ONLINE: China and the Uyghurs: Cultural Genocide in the Name of Counterterrorism
press release: CESSI Lecture Series: China and the Uyghurs: Cultural Genocide in the Name of Counterterrorism
July 1 @ 4:00 pm - 5:00 pm
Sean Roberts, Associate Professor of the Practice of International Affairs and Director of the International Development Studies program at The George Washington University’s Elliott School of International Affairs
This lecture will be given over Zoom: REGISTER HERE.
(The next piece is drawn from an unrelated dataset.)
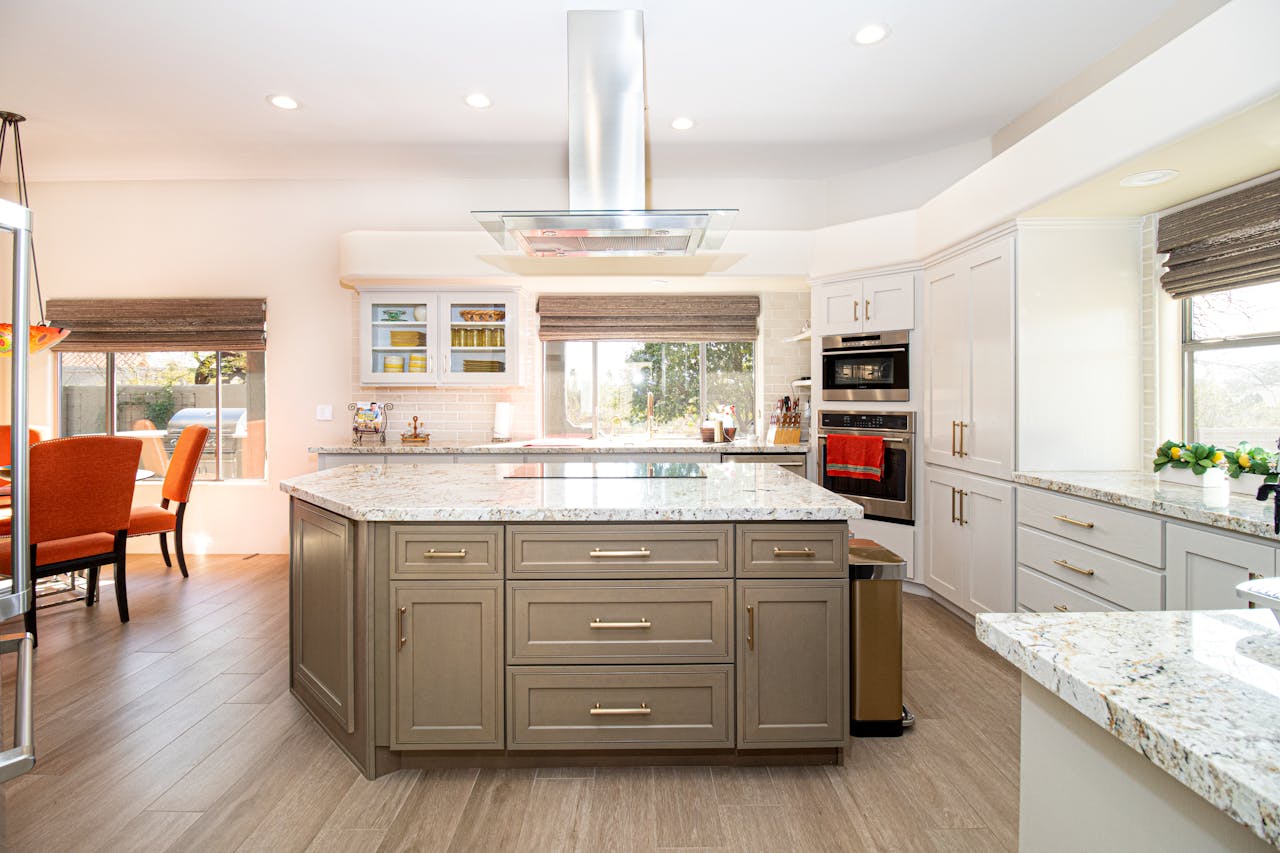 Spacious modern kitchen featuring a center island, stainless steel appliances, and elegant decor.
This presentation seeks to explain both the motivations and justifications for the Chinese state’s mass human rights abuses in the Xinjiang Uyghur Autonomous Region, highlighting how intentions and explanations are inextricably linked. The motivations for what the state is doing are reflective of settler colonial ambitions in this region and an ardently colonial attitude towards Uyghurs and related peoples as inferior and expendable. However, the justifications have their origins in the Global War on Terror and its characterization of ‘terrorists’ as less than human and irrational. Like the ‘savages’ of European colonialism, China’s imagination of Uyghurs as ‘terrorists’ provides a rationalization for carry out destructive harm to a people that is framed as benevolent and in the best interests of those are the victims of that harm.
Sean Roberts is an Associate Professor of the Practice of International Affairs and Director of the International Development Studies program at The George Washington University’s Elliott School of International Affairs. Dr. Roberts is an anthropologist who has studied the Uyghur people of China and Central Asia for thirty years, writing his dissertation on the Uyghurs of the China-Kazakhstan borderlands while a PhD candidate at the University of Southern California. He has published numerous articles in academic journals, edited volumes, and in policy-oriented publications about the Uyghurs, and he is the author of the recently published book, The War on the Uyghurs: China’s Internal Campaign Against a Muslim Minority (Princeton University Press, 2020).